Ce choc entre le Real Madrid et la Juve valait son pesant d’or, et ce pour bien des raisons. D’abord, parce qu’assister à cette confrontation historique de la ligue des champions, c’était l’assurance de voir une pluie d’étoiles s’abattre sur la pelouse de Bernabeu : Ronaldo, Benzema, Modric, Ramos, Pirlo, Tevez… Rien que ça. Ensuite, parce que le Real, en cas de victoire ce soir et de match nul dans l’autre match du groupe B (Galatasaray-Copenhague), pouvait déjà être qualifié pour les phases finales après seulement trois matches de C1, une première. Finalement, le club turque s’impose 3-1, mais la Maison Blanche n’a guère de souci à se faire pour la suite des évenements. Et puis, surtout, il y avait Cristiano Ronaldo.

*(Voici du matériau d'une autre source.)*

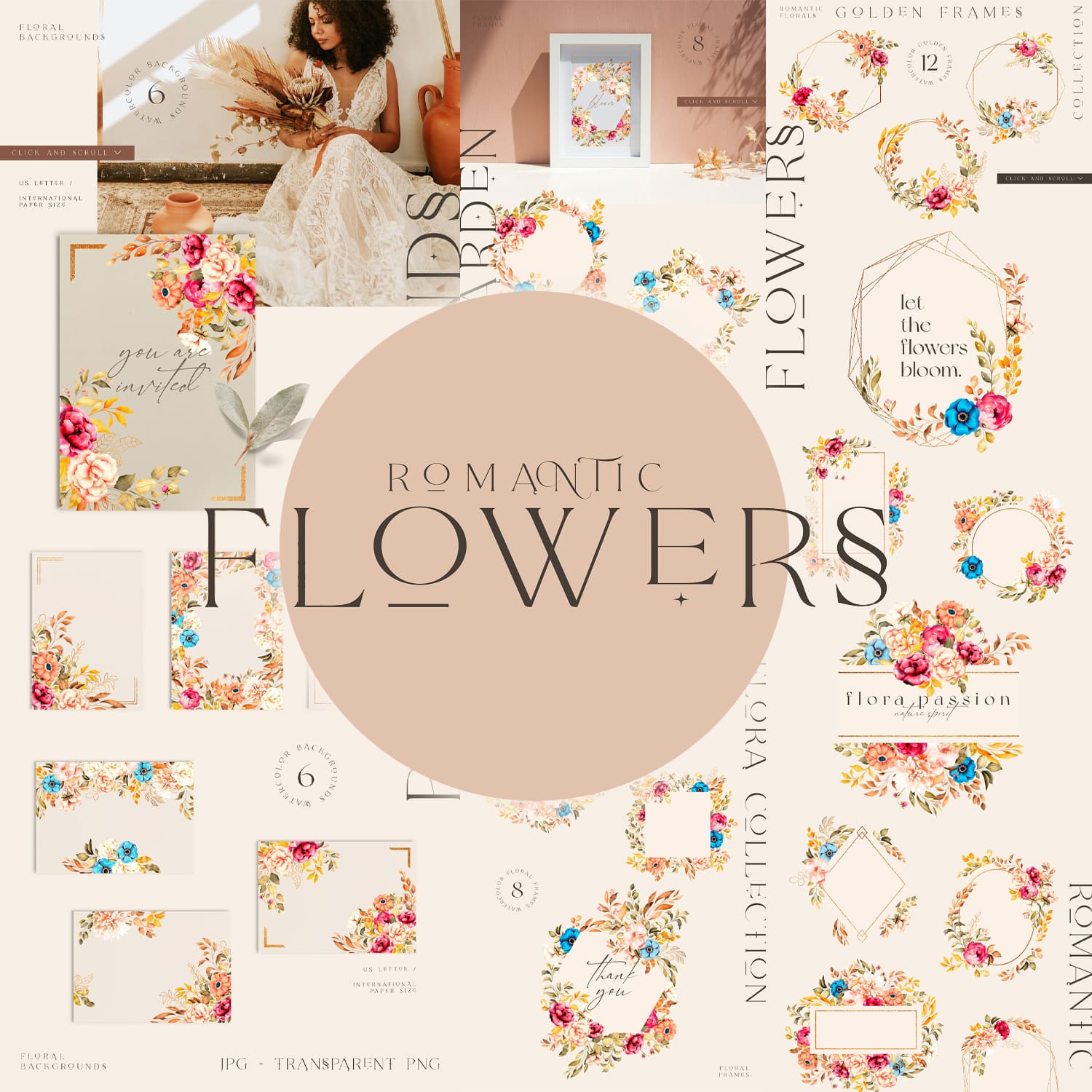Unique images with floral frames.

CR7, Monsieur stats indécentes  

Mieux valait ne pas être en retard. La première banderille est plantée par la Juve : à la 2e minute de jeu, Marchisio décoche une frappe puissante à 20 mètres du but madrilène, que Casillas peine à détourner. Mais deux minutes plus tard, Cristiano Ronaldo s’énerve. Le Portugais est servi sur un plateau par Di Maria dans la surface, élimine Bouffon et pousse le ballon dans le but vide. Les minutes défilent, et la reprise en demie volée de Caceres à la 14e sonne la révolte turinoise. A la 19e, Tevez humilie Arbeloa sur le côté gauche, et expédie une belle frappe enroulée qui flirte avec la barre de Casillas. Puis, à la 22e, intervient la concrétisation du temps fort turinois : à la suite d’un cafouille dans la défense madrilène, Llorente, qui trainait là, surgit en renard des surfaces et trompe le rempart du Real. Le rythme ne redescend pas, et ça va beaucoup trop vite pour Chiellini, qui tire Ramos au sol dans la surface turinoise, à la 28e. Cristiano Ronaldo ne se fait pas prier, et inscrit là son 28e but en 22 matches de ligue des champions.

Benzema sous les sifflets

Le défenseur italien, souvent irréprochable, ne devait pas se douter avant ce choc à Bernabeu qu’il réaliserait l’un des pires matches de sa carrière. Au retour des vestiaires, il est expulsé pour avoir assené un coup de coude dans la figure de CR7. Antonio Conte est furieux, la Vieille Dame n’avait pas besoin de ça. Mais Karim Benzema, qui rate l’immanquable à la 62e (il n’avait plus qu’à pousser le ballon dans le but vide mais dévisse sa frappe), non plus. Déjà pris en grippe par les supporters du Real, il est copieusement sifflé. Di Maria, lui, sort sous les applaudissements. Les trente dernières minutes sont anecdotiques, les partenaires de Khedira gèrent. La victoire, elle, ne l’est pas. Le club entraîné par Ancelotti se rassure avant le choc contre Barcelone ce week-end. Les Blaugranas, tenus en échec par le Milan AC hier soir à San Siro (1-1), ne peuvent pas en dire autant.

Le Bayern Munich assure, les Manchester se rassurent

Dans les autres matches de cette troisième journée de la C1, les Red Devils ont fait une  bonne opération avec une petite victoire 1 à 0 sur la Real Sociedad, qui leur permet de prendre seuls la tête de la poule. De quoi oublier les affres domestiques, avec une 8e place de Premier League, à 8 longueurs des Gunners, palme de la plus grosse déception de ce début de saison.

Enfin, et sans surprise, le Bayern Munich a pu dérouler son jeu face au Viktoria Plzen (5-0, dont un doublé de Ribéry) pour conforter sa  première place. Les 8e de finale sont proches pour les Bavarois (3 victoires en 3 matches). Plus tôt dans l'après-midi, Manchester City s'était imposé 2-1 sur la pelouse du CSKA Moscou.